Would you print, word for word, only the lines running from the line with "And at the end, you" to the last line of the entries, without the pictures?

Stored items
--------------------

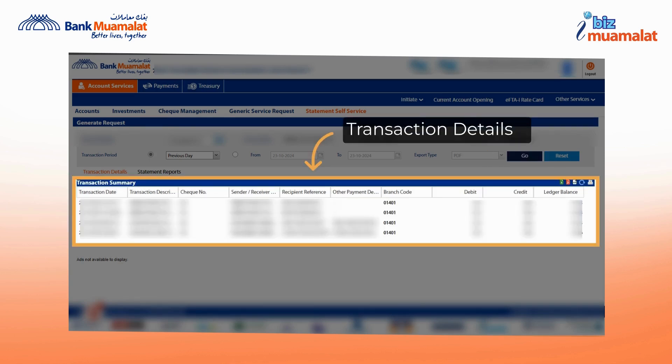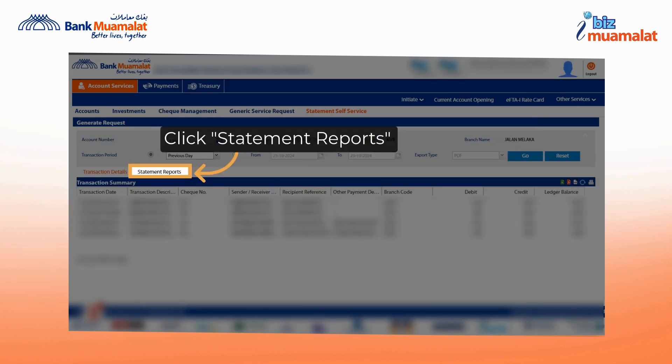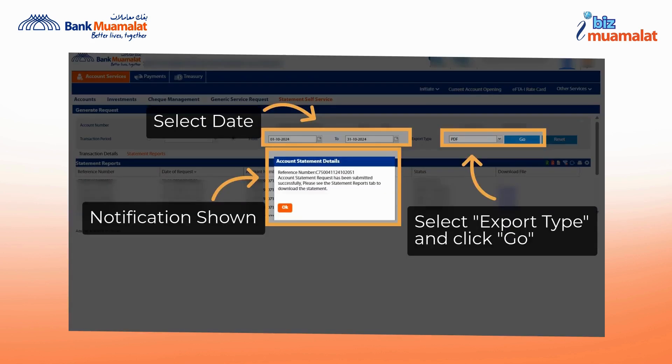Transaction details are shown after clicking the Go button. Now, click on Statement Reports to view the transaction statements.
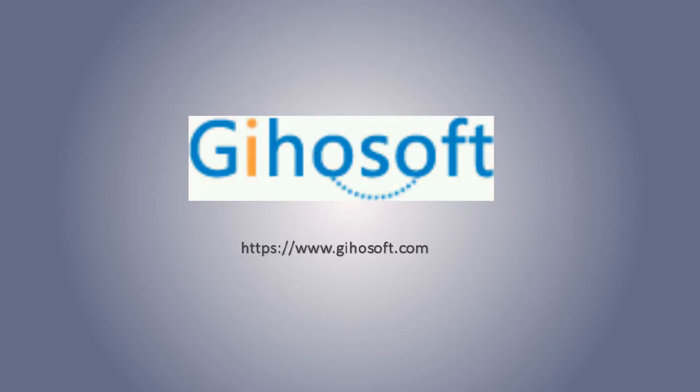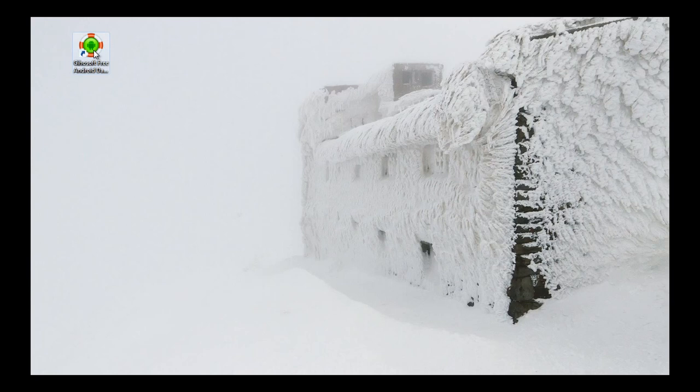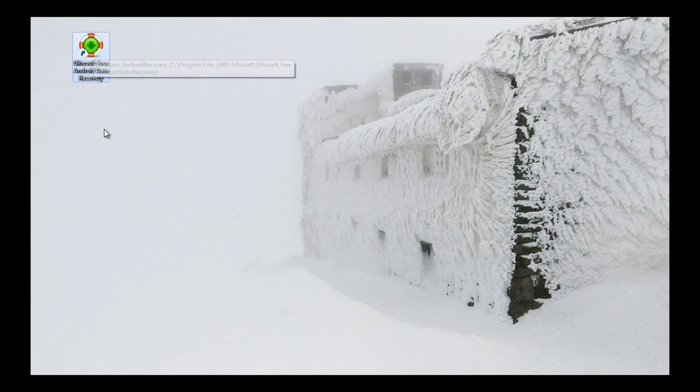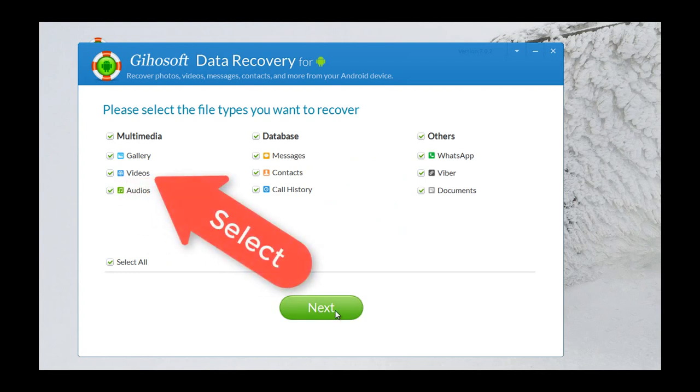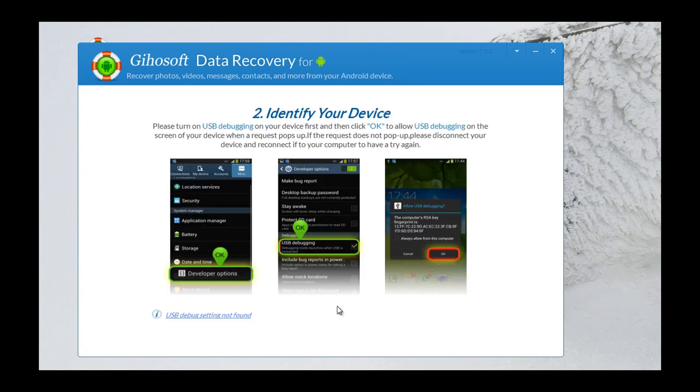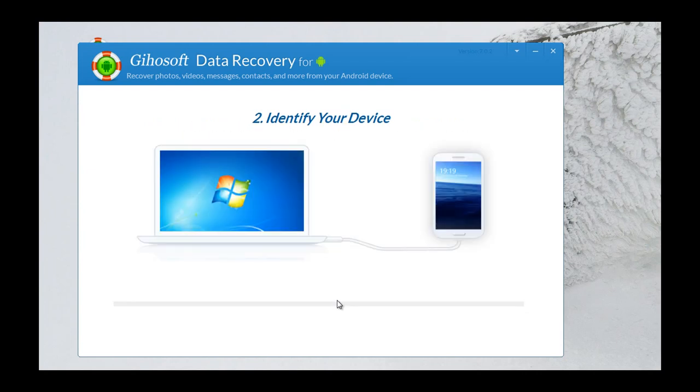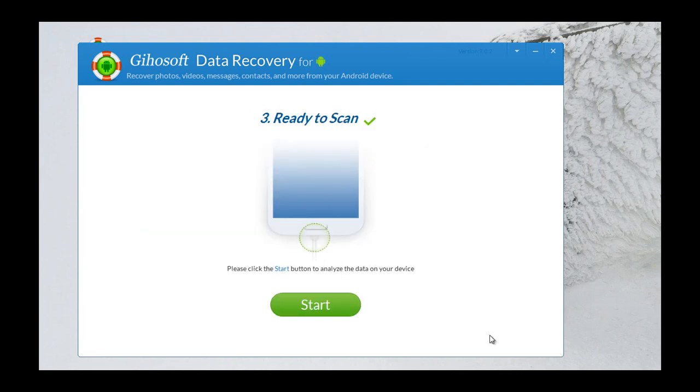O little town of Bethlehem, how still we see thee lie! Above thy deep and dreamless sleep, the silent stars go by. Yet in thy dark streets shineth the everlasting light. The hopes and fears of all the years are met in the air tonight.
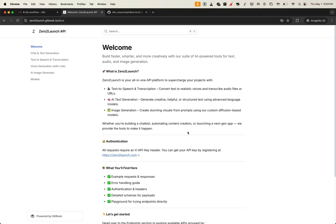In the last video, we introduced the Zero2 Launch API, including how to register, get your API key, and explored what tools are available. The response has been incredible. Many of you asked how to actually use these APIs in tools like N8N or Postman. So that's exactly what we're doing in this video — walking through how to take any API from the Zero2 Launch docs and plug it into real-world tools, plus a sneak peek of a brand new Vision API that just dropped.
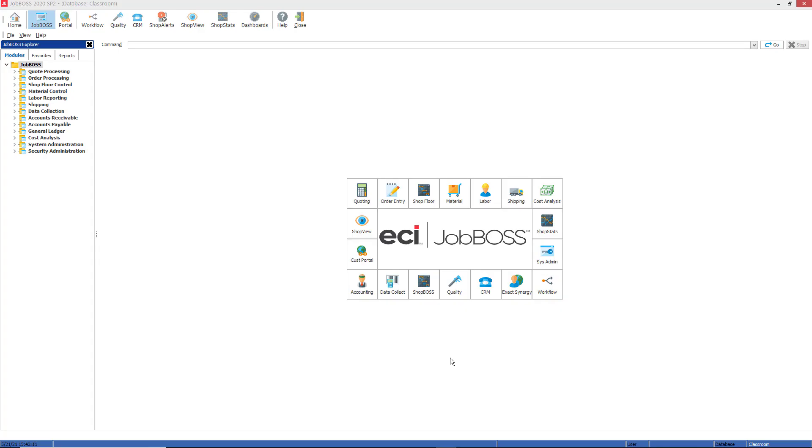Hello everybody and welcome to this month's tech tip video. Today we're going to be exploring order processing, the job entry function, and the pricing costing tab specifically.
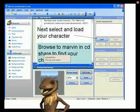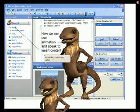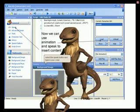Now go and select a character. Make sure you look in the correct place. Select the Speak button and type in your script for the slide.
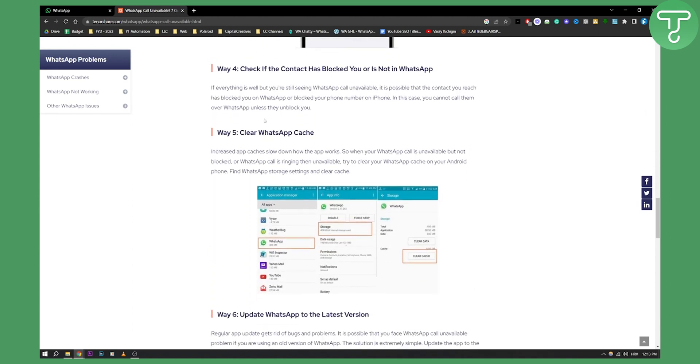One thing that you can do is check if the contact has blocked you or is not in WhatsApp. Usually it's not in WhatsApp. Sometimes the contacts are not in WhatsApp. But you can also check if the contact has blocked you.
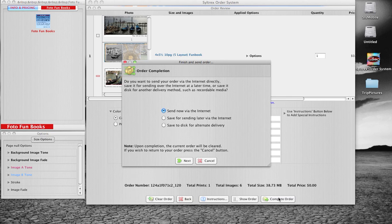Note that the transfer speed will depend on the size of your order and your internet connection.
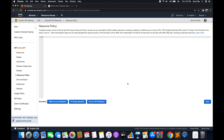What's up guys, I'm Chirag and welcome to part 33 of the tutorial series on Amazon API Gateway. In this tutorial, I will take you through the resource based policy within API Gateway.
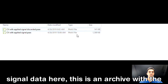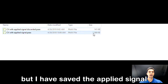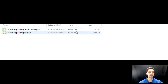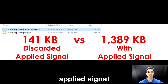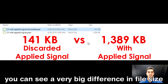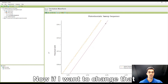For example, for the same experiment I'm going to go to this signal data here. This is an archive with the same cyclic voltammetry experiment but where I have saved the applied signal, and this one is where I discarded the applied signal. You can see a very big difference in file size.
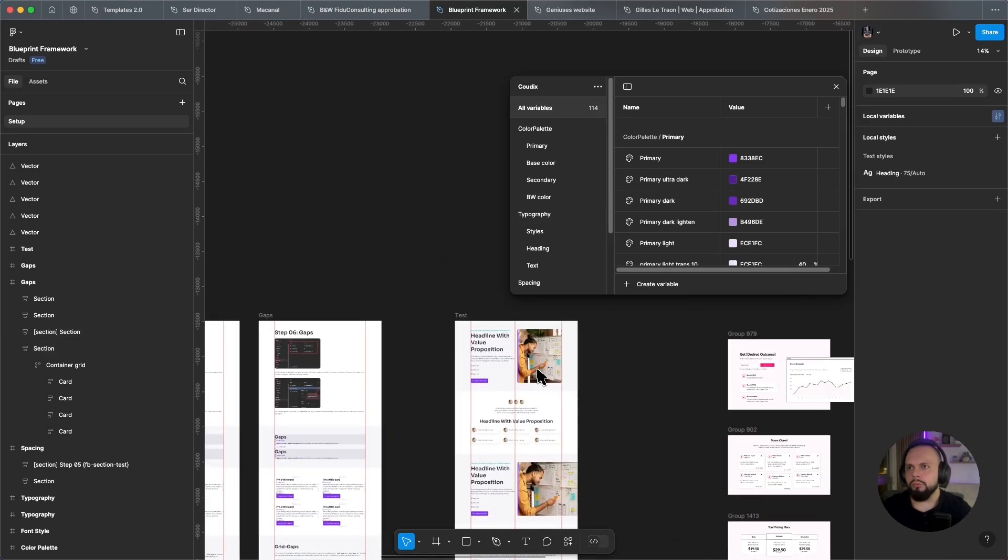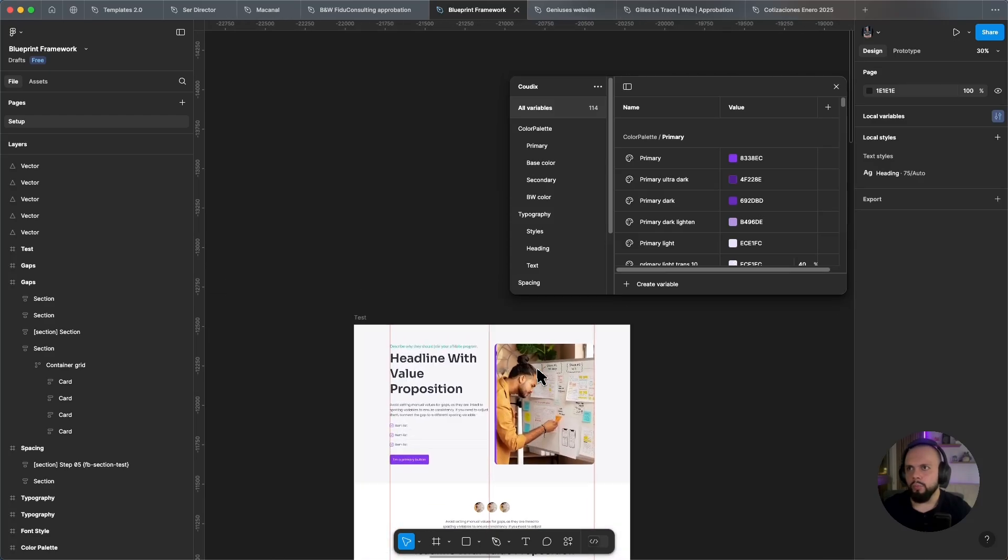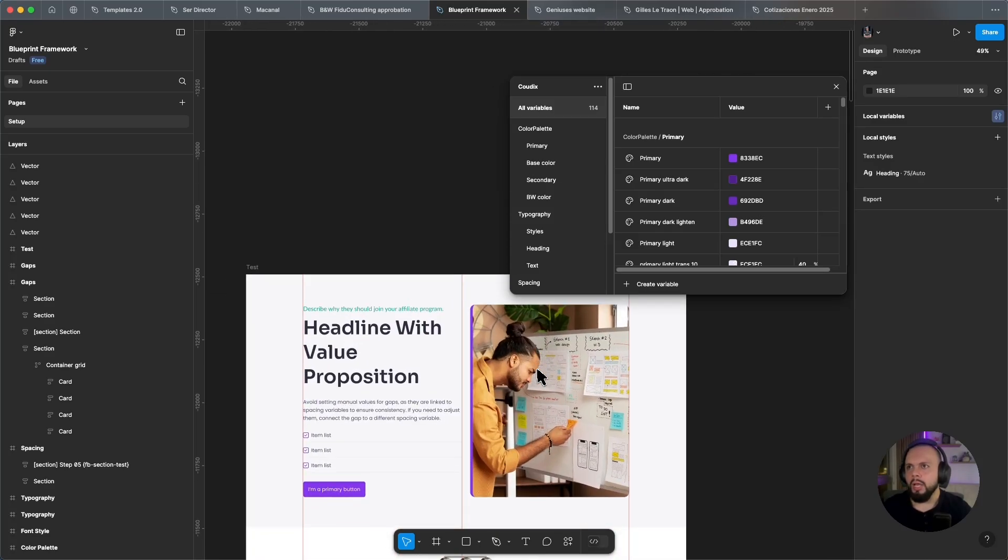And at the end, you will be able to create complete sections and scalable designs.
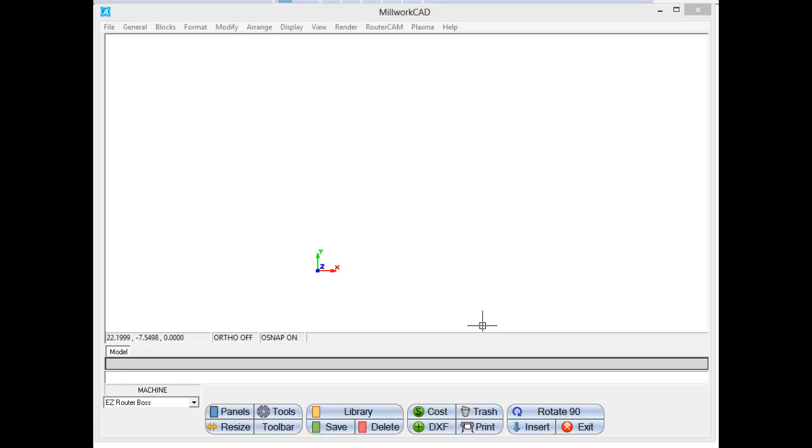In this video, I want to cover CNC programming and understanding G-code, kind of give you an overview of what the machine's doing and how the machine does it when it's actually creating and running programs for you.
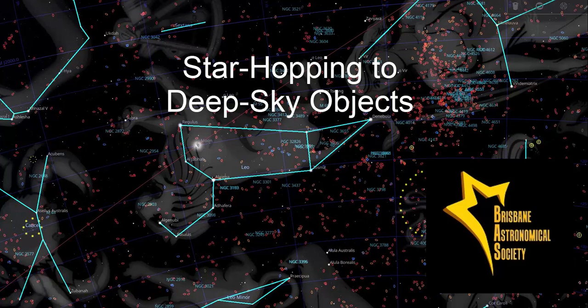This video aims to help telescope beginners go beyond just the bright moon and planets and find much fainter deep sky objects such as globular clusters, open star clusters, nebulae, and galaxies.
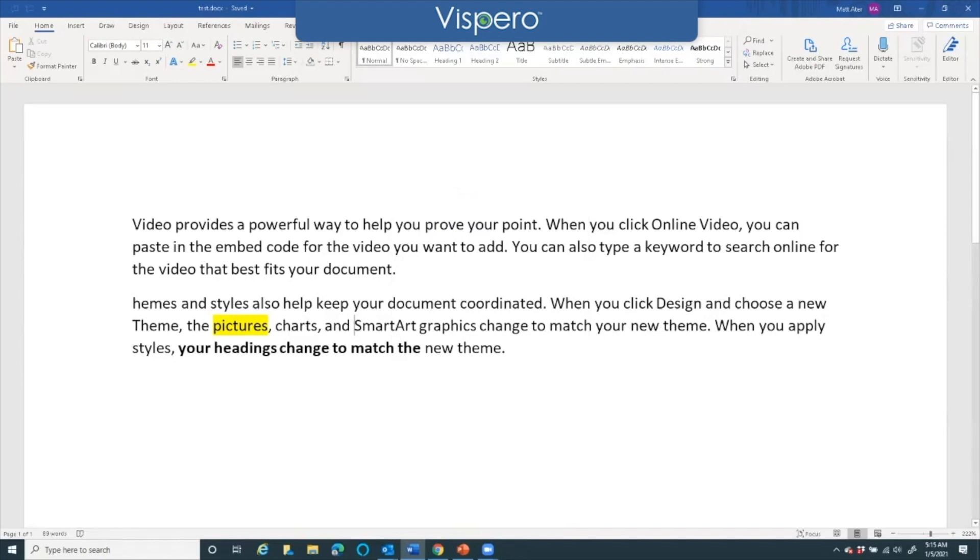Switch to scheme Word classic edit. And now when I read the current line: theme, the pictures, charts, and smart art graphics change to match your new theme when you apply. It doesn't actually read the color changes. That's how to use voice schemes.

--------------------

■ **YOUR RESPONSE**:
And at the end, you will be able to create complete sections and scalable designs.
In this video, I want to cover CNC programming and understanding G-code, kind of give you an overview of what the machine's doing and how the machine does it when it's actually creating and running programs for you.
This video aims to help telescope beginners go beyond just the bright moon and planets and find much fainter deep sky objects such as globular clusters, open star clusters, nebulae, and galaxies.
Switch to scheme Word classic edit. And now when I read the current line: theme, the pictures, charts, and smart art graphics change to match your new theme when you apply. It doesn't actually read the color changes. That's how to use voice schemes.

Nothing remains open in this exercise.